**Task goal**
Without changing a word, return the listing below, minus its images.
** Data supplied follows **
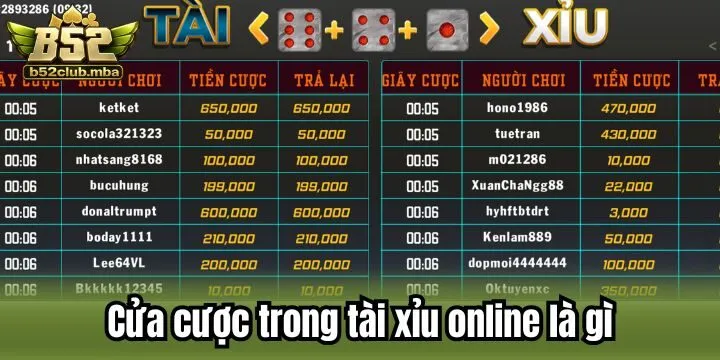 “Tất tần tật” những điều bạn cần biết về tài xỉu online là gì?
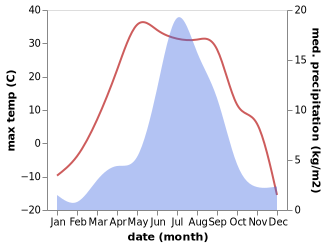 temperature and rainfall during the year in Tsagaannuur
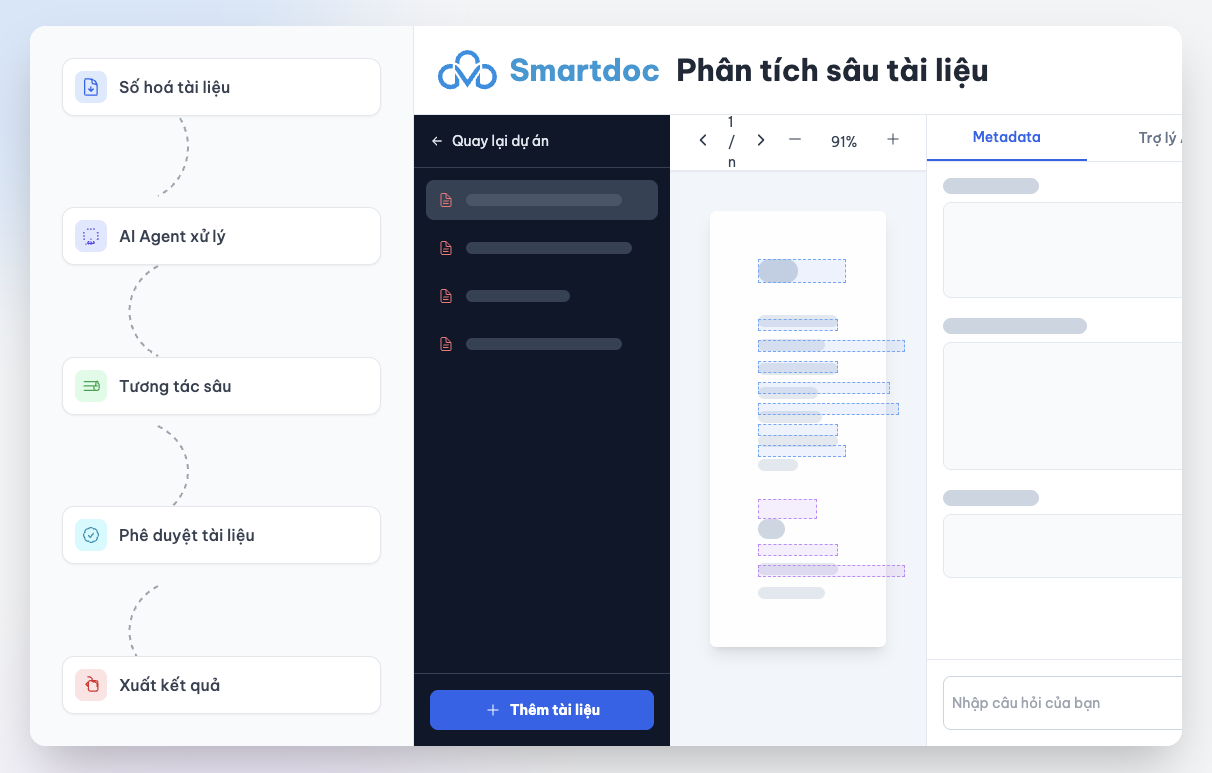 C-OpenAI SmartDoc - Giao diện xử lý văn bản tự động với OCR và AI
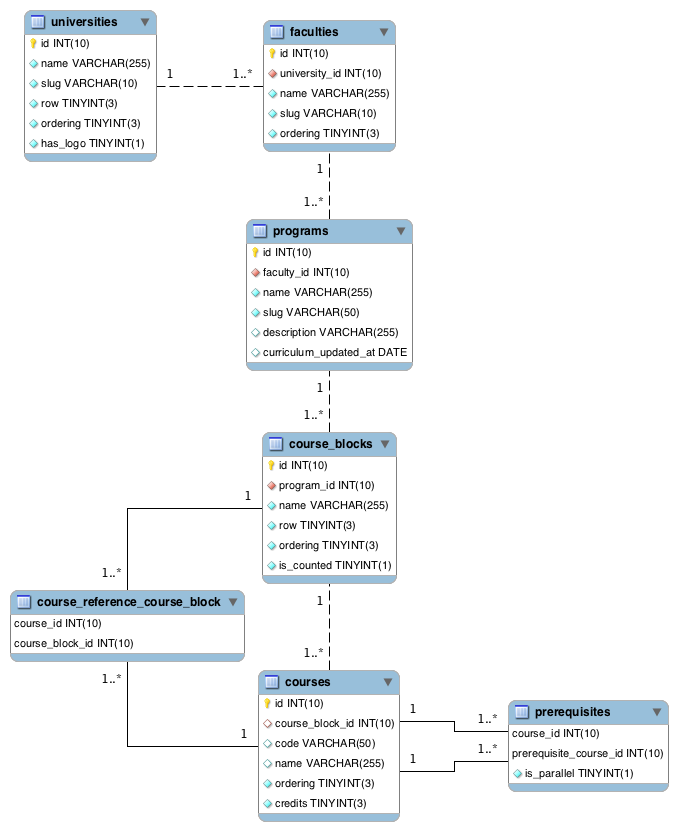 database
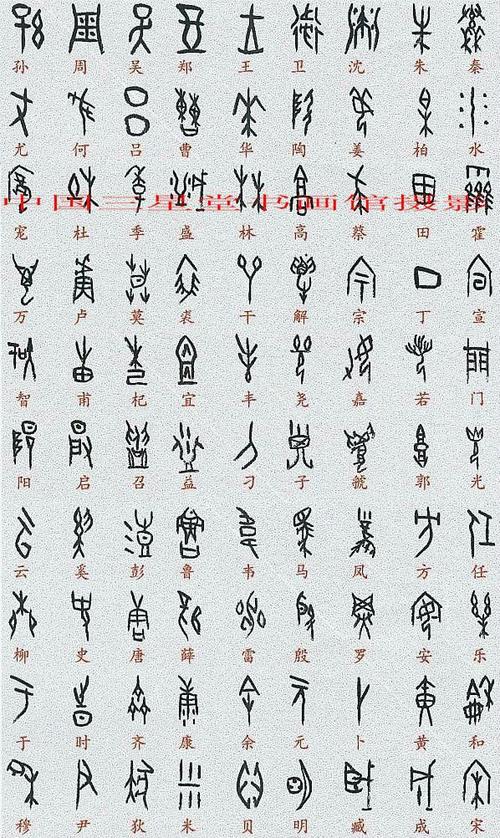 佳作经典珍藏 文史文化 > 正文   甲骨文是中国的一种古代文字,是汉字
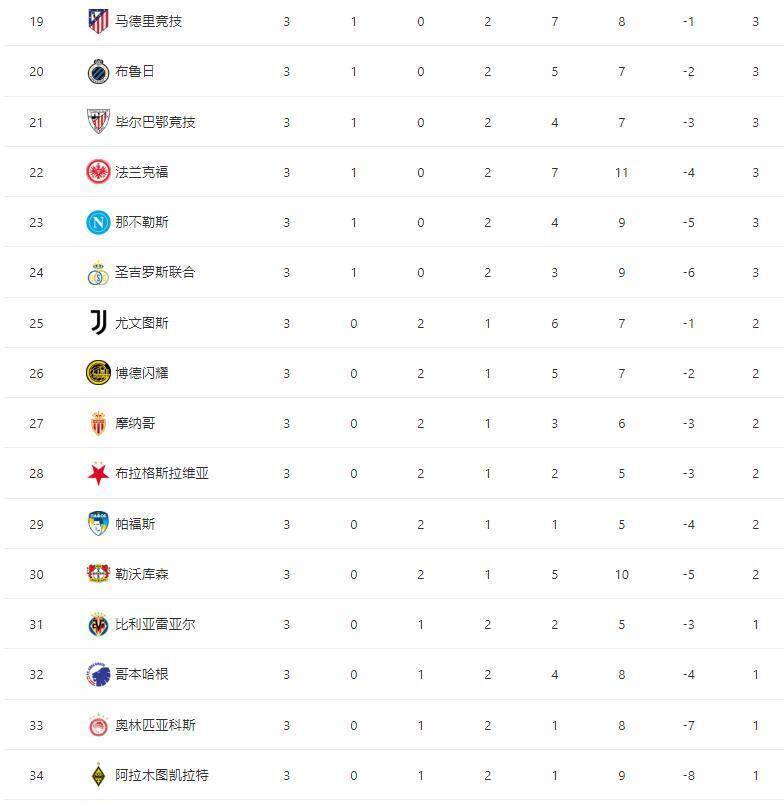 随着利物浦5-1逆转,切尔西5-1+拜仁4-0大胜,积分榜已经乱了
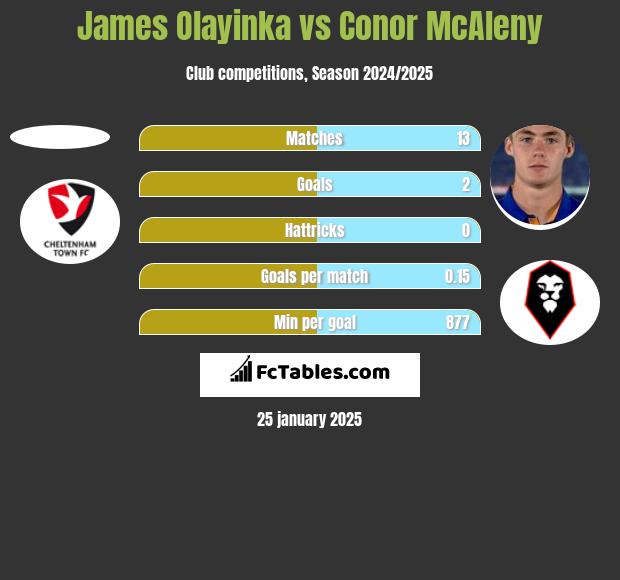 James Olayinka vs Conor McAleny h2h player stats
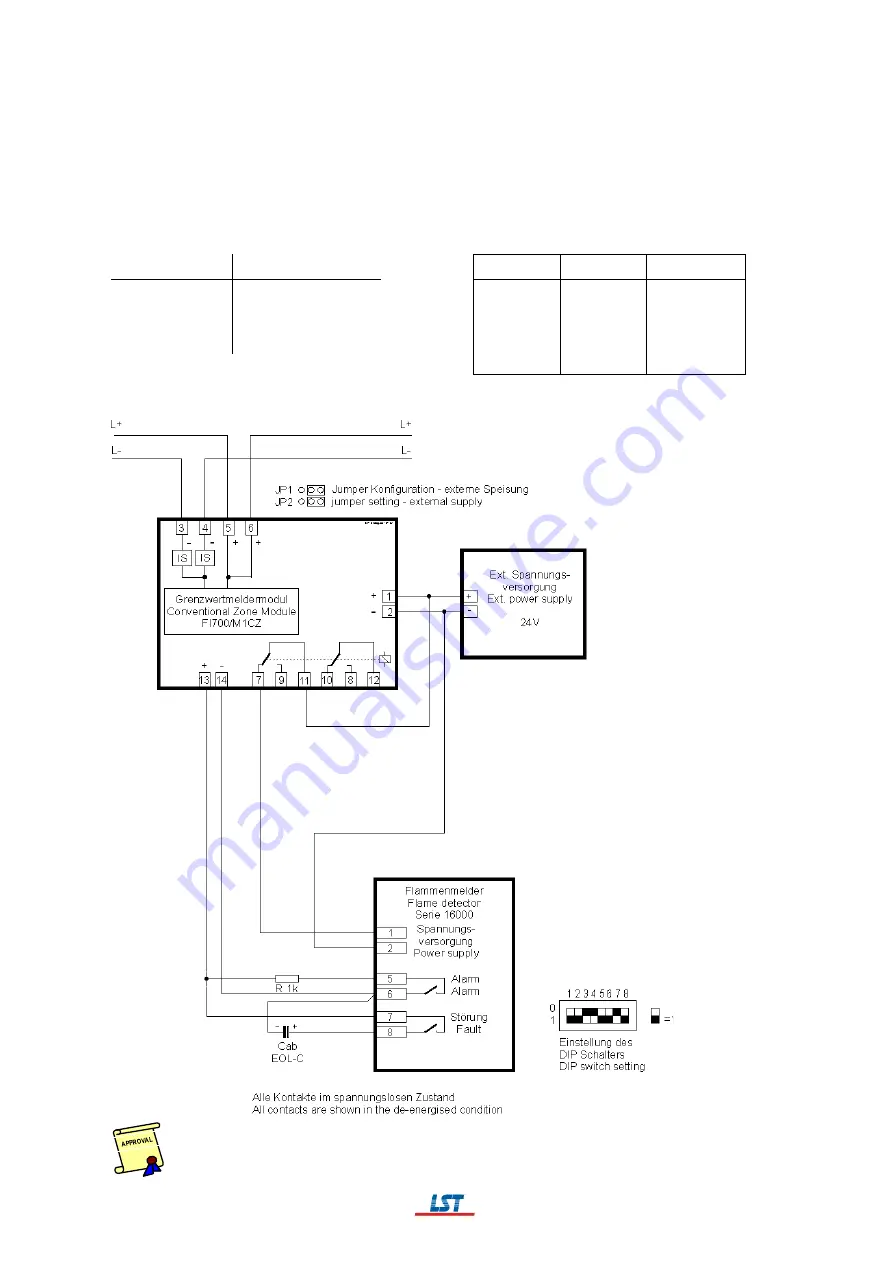 LST BC016 Series User Manual Download Page 126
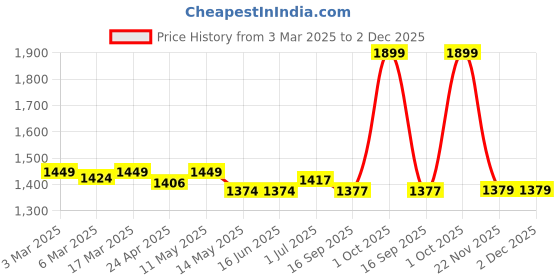tatacliq.com Haus & Kinder Satin Royale Deep Ocean Blue 300 TC King Flat Bedsheet with 2 Pillow Covers haus & kinder Price History Graph from 3 Mar 2025 to 2 Dec 2025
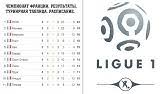 Удобная турнирная таблица чемпионата по футболу: Chempionat Francii Po Futbolu Liga 1 Franciya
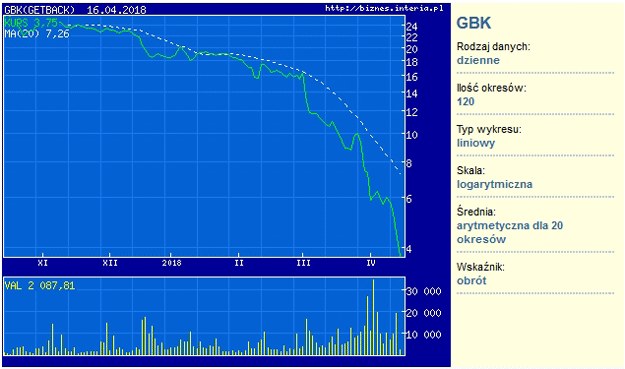 Wykres kursu GBK w ostatnim półroczu /INTERIA.PL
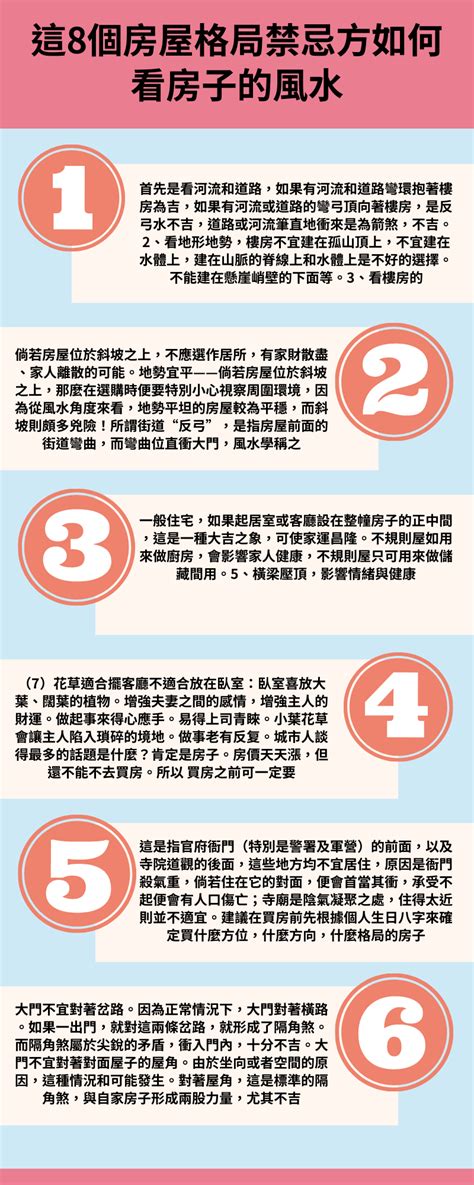 格局方正 風水|房屋風水注意事項有哪些？格局不方正，恐破財、家庭失和、疾病。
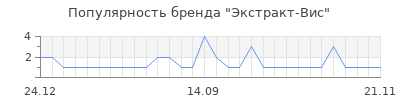 Популярность экстракт вис
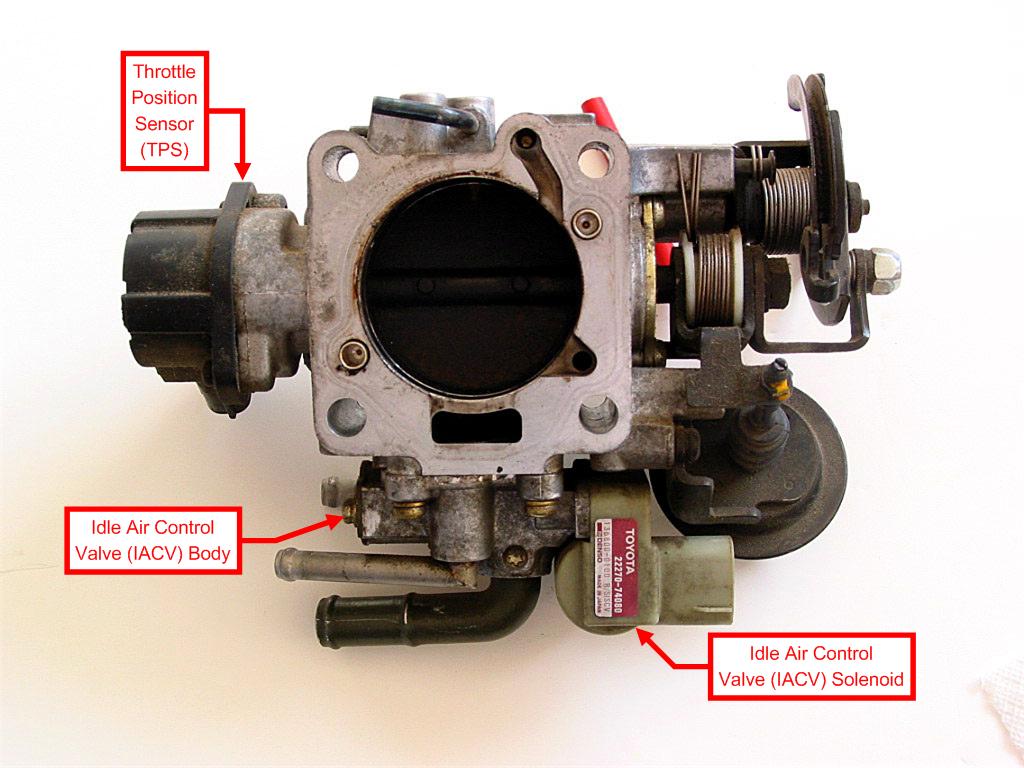 2 honda crv iac valve wiring diagram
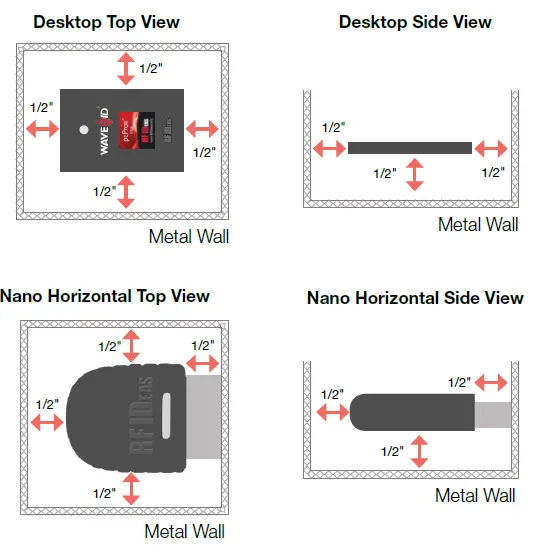 RFIDEAS Optimum Read Range Housed Readers-3
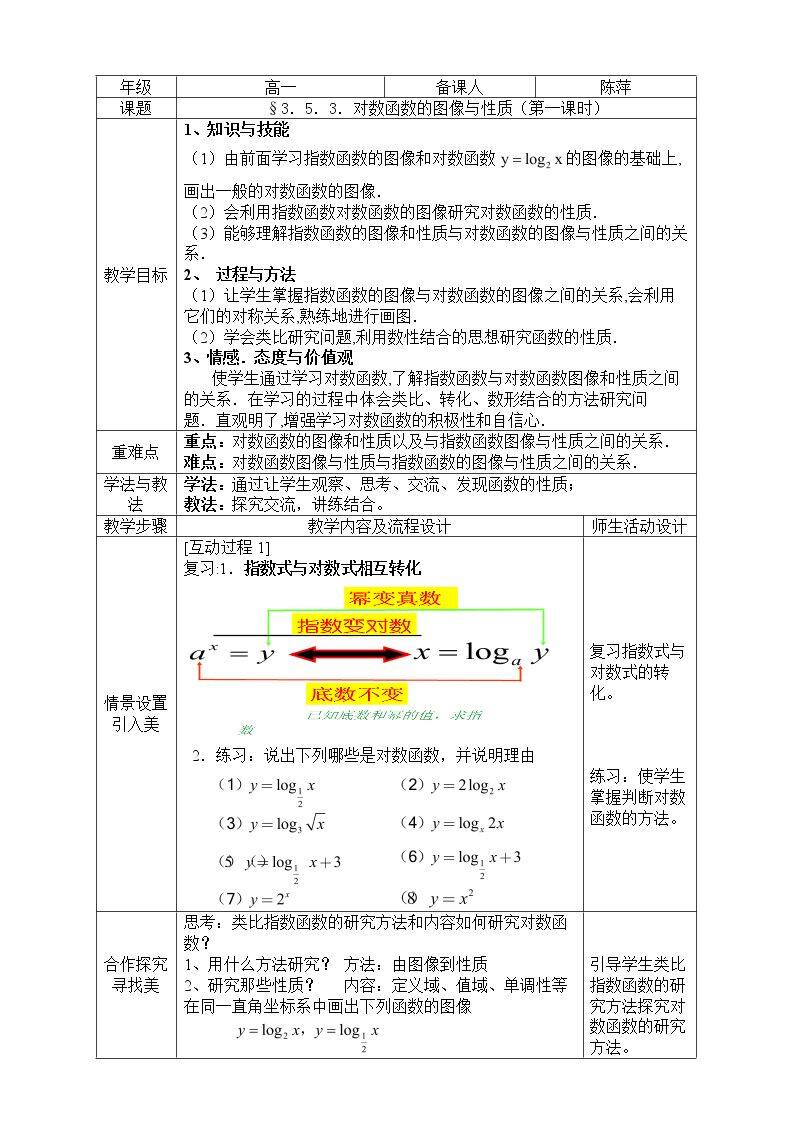 5.3 对数函数的图像和性质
** End of Data supplied **
**Your solution**
 “Tất tần tật” những điều bạn cần biết về tài xỉu online là gì?
 temperature and rainfall during the year in Tsagaannuur
 C-OpenAI SmartDoc - Giao diện xử lý văn bản tự động với OCR và AI
 database
 佳作经典珍藏 文史文化 > 正文   甲骨文是中国的一种古代文字,是汉字
 随着利物浦5-1逆转,切尔西5-1+拜仁4-0大胜,积分榜已经乱了
 James Olayinka vs Conor McAleny h2h player stats
 LST BC016 Series User Manual Download Page 126
tatacliq.com Haus & Kinder Satin Royale Deep Ocean Blue 300 TC King Flat Bedsheet with 2 Pillow Covers haus & kinder Price History Graph from 3 Mar 2025 to 2 Dec 2025
 Удобная турнирная таблица чемпионата по футболу: Chempionat Francii Po Futbolu Liga 1 Franciya
 Wykres kursu GBK w ostatnim półroczu /INTERIA.PL
 格局方正 風水|房屋風水注意事項有哪些？格局不方正，恐破財、家庭失和、疾病。
 Популярность экстракт вис
 2 honda crv iac valve wiring diagram
 RFIDEAS Optimum Read Range Housed Readers-3
 5.3 对数函数的图像和性质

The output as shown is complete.